A Novel Robust Blind Digital Image Watermarking Scheme Against JPEG2000 Compression

Abstract

In this paper, a novel robust blind digital image water marking scheme is proposed by jointly using discrete wavelet transform (DWT), stationary wavelet transform (SWT), discrete cosine transform (DCT) and singular value decomposition (SVD). Firstly host image is decomposed by DWT and the obtained approximation coefficient is portioned into non-overlapping blocks. For each block, SWT is applied to affine redundant low frequency sub-bands which are subsequently processed by DCT and SVD. Watermark bit is embedded through quantifying the obtained greatest singular value. Extraction of proposed scheme is blind without any referring to the original image or watermark. Experimental result show that watermarked image is visually invisible of which peak signal to noise ratio (PSNR) is above 44 dB. Besides, by comparing with other DWT-SVD robust watermarking approaches, proposed scheme significantly outperforms in robustness against JPEG2000 compression. Performance of proposed scheme is also superior or competitive against other attacks such as rotation, filter or scaling.

1 Introduction

With the popularization and ripeness of the Internet, efficient storage management, rapid transmission and sharing, and real-time analysis and processing of digital multimedia data have gradually become an indispensable part of people’s daily life. Due to the openness and compatibility of Internet, it’s simple and convenient for people to access and obtain digital resources. However, under such circumstance, security of digital media has been greatly threatened and challenged for numerous digital products being copied, tampered and spread without the permission of copyrights’ owners. Through illegal copying, huge profits have been made by criminals, which heavily threaten the development of digital media industry.

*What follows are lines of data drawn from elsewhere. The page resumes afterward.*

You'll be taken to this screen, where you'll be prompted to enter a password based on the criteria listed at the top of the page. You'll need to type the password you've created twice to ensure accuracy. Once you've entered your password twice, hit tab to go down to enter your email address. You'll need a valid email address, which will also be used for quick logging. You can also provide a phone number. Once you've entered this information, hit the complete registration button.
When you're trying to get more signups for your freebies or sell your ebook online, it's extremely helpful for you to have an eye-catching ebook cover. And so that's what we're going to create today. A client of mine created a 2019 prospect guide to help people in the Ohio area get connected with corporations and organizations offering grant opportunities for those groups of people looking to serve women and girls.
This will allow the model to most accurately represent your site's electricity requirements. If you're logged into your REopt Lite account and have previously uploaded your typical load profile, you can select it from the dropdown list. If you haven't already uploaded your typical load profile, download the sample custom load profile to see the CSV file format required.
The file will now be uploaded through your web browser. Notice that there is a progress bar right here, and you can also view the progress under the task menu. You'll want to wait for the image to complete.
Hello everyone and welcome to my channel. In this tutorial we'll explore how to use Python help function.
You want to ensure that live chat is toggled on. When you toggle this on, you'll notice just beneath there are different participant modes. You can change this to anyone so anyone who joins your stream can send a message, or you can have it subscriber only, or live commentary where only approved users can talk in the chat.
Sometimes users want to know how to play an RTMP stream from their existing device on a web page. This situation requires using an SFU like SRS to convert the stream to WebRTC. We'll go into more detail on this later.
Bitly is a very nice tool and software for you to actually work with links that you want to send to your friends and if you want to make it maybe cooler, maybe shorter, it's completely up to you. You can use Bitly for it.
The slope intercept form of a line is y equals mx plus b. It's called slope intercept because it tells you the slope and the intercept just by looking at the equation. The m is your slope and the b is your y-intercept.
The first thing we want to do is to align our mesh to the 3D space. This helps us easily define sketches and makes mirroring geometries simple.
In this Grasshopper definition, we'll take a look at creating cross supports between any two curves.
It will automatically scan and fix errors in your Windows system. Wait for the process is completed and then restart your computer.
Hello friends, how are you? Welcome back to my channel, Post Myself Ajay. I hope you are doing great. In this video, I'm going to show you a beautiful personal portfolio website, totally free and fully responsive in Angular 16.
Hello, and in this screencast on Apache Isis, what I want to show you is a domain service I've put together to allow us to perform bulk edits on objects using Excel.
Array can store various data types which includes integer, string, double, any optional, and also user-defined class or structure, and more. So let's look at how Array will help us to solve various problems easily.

Digital watermarking, as an efficient authentication approach for copyright protection, is an important brunch of information security. Digital image is a key part of digital multimedia resources, thus digital image watermarking has been the essential aspects of watermarking technology. Digital watermarking protects the copyright of digits images by embedding watermarks into host images. In the implement of copyright protection, the visual quality of watermarked image should not be significantly reduced; on the other hand, watermarking information should be robust of which most part can be detected and extracted after interference and attacking.

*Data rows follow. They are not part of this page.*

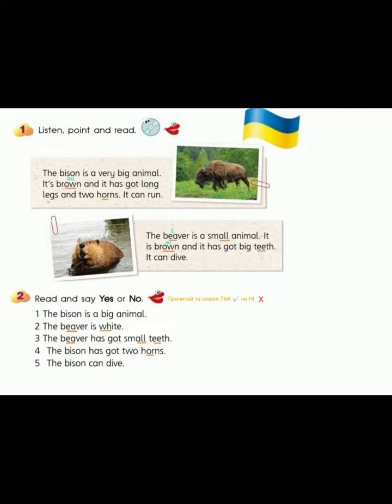One: the bison is a very big animal. Two: the beaver is white. Three: the beaver has got small teeth. Four: the bison has got two horns. Five: the bison can dive.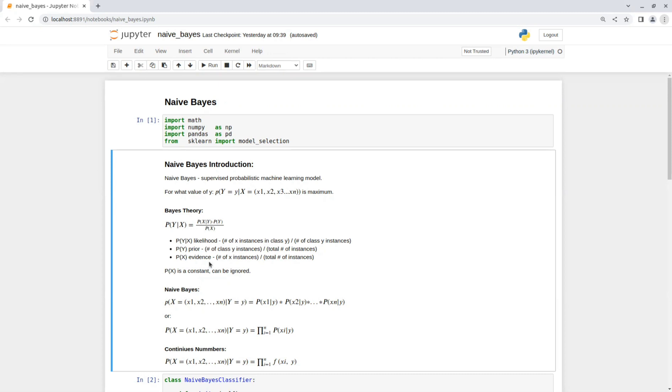Because the evidence of X is a constant number, we can ignore it in our calculation. So now we need to calculate the likelihood and the prior.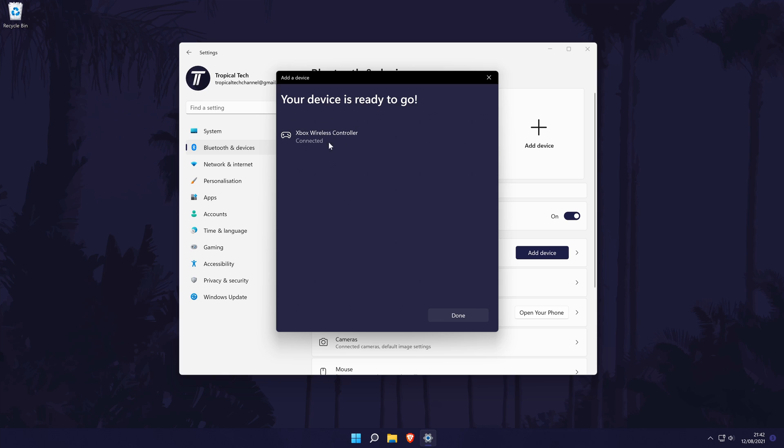If for some reason it doesn't connect, I would recommend trying a few times. After the controller is connected, you can close the window.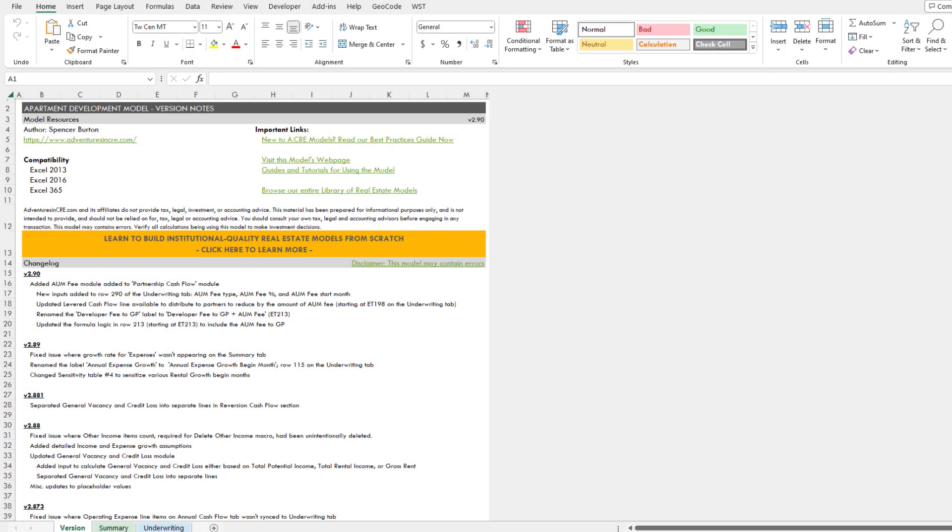Hey there and thanks for watching. Over the next few minutes, we're going to use AI to write an Excel macro for one of my real estate financial models.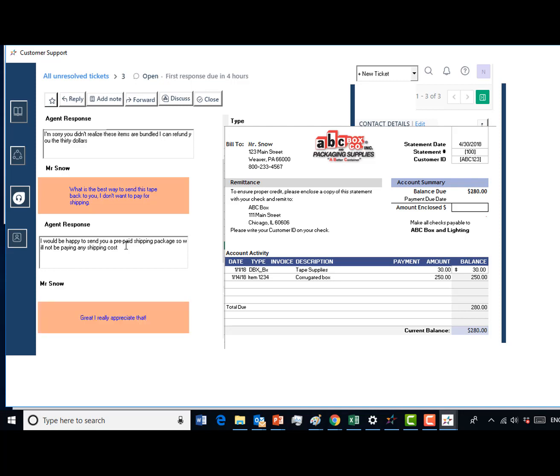Summarize your actions of refunding the $30 and that you will send Mr. Snow a return authorization package.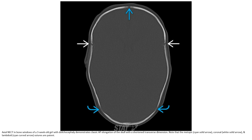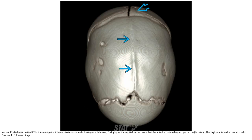This is a non-contrast CT in bone window of a three-week-old infant with dolichocephaly, demonstrating classic AP elongation of the skull with a shortened transverse diameter. Note that the metopic, frontal, and lambdoid sutures are bridged. Vertex 3D surface reformatted CT in the same patient demonstrates ossification and ridging of the sagittal suture. Note that the anterior component is present. The sagittal suture does not normally fuse until 22 years of age.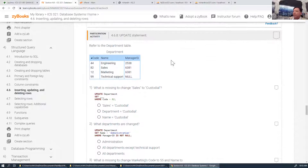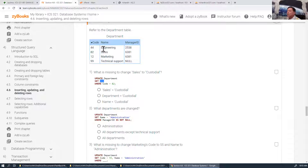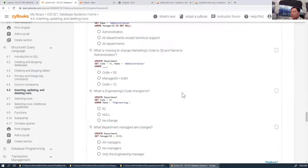For the next exercise — what is missing to change sales to custodial? You want to change the name to 'Custodial', so SET name='Custodial'. That's this one — you can finish the rest.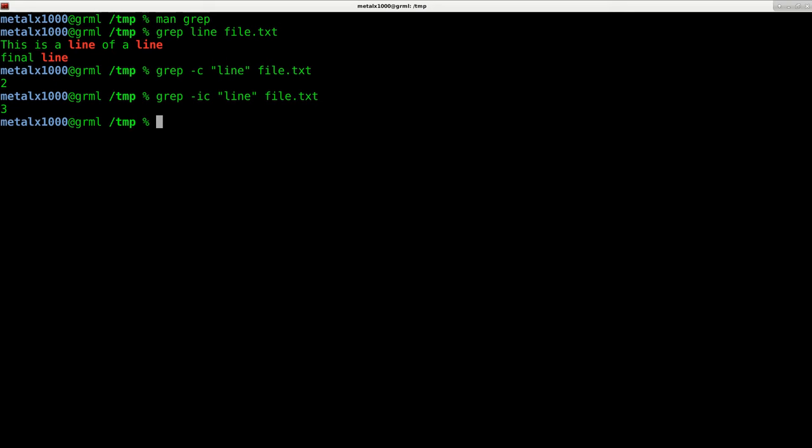I just want to show you that I have a bad habit of piping into wc when using grep. And really, I don't have to, because grep has that built-in functionality.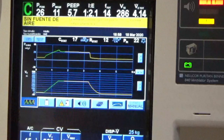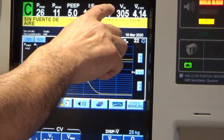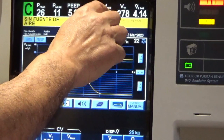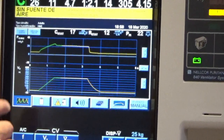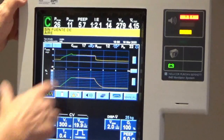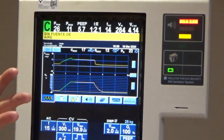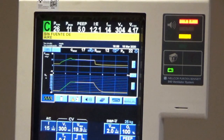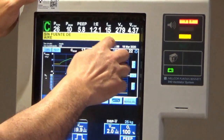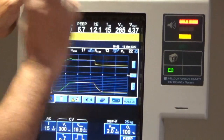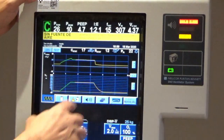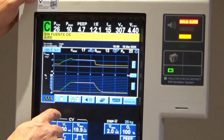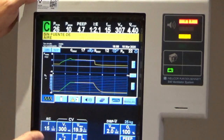Other important numbers to check include the respiratory rate — we need to compare this number with the respiratory rate previously set in the ventilator. In this case they are exactly the same, which means we don't have spontaneous breaths, assist breaths, or auto-triggering. Another important point to monitor is the expiratory tidal volume — we have to compare this with the actual tidal volume set in the ventilator.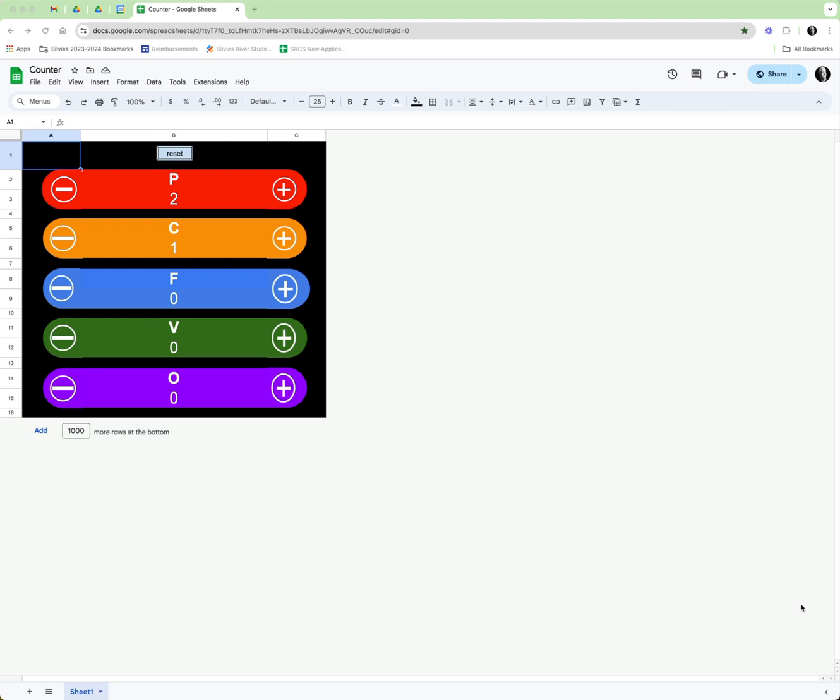It looked like an interesting and challenging project to build. The person said in the post they just had a picture of something like this and said could you make this work inside of a Google sheet. So here's how this works.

Since to deliver raw image greatly challenges storage and transmission bandwidth, it’s necessary to have digital images compressed. JPEG2000 is discrete wavelet based still-image compression standard proposed by Joint Photographic Expert Group (JPEG). Taking advantages of discrete wavelet transform (DWT) and EB2COT encoding, JPEG2000 supports multi-resolution progressive representation and outperforms JPEG standard in reconstruction quality and compression ratio. However, in most scenes, JPEG2000 is applied as lossy compression scheme which brings distortion to watermarked image. In this paper, we focus in designing an efficient watermarking scheme against JPEG2000 compression.

According to the embedding domain of host images, digital image watermarking can be roughly categorized into two aspects, namely the spatial domain watermarking and the transform domain watermarking. Generally, digital watermarking in spatial domain is implemented by directly altering pixels within host image, which is characterized by simplicity and low computational complexity. The least significant bit substitution (LSB) [1] is a classic spatial domain watermarking algorithm implement by replacing host images’ LSB with watermarking bits. Other typical spatial watermark includes pixel value differencing (PVD) [2], exploiting modification direction (EMD) [3] and reversible approaches such as histogram shifting (HS) [4] and difference expansion (DE) [5].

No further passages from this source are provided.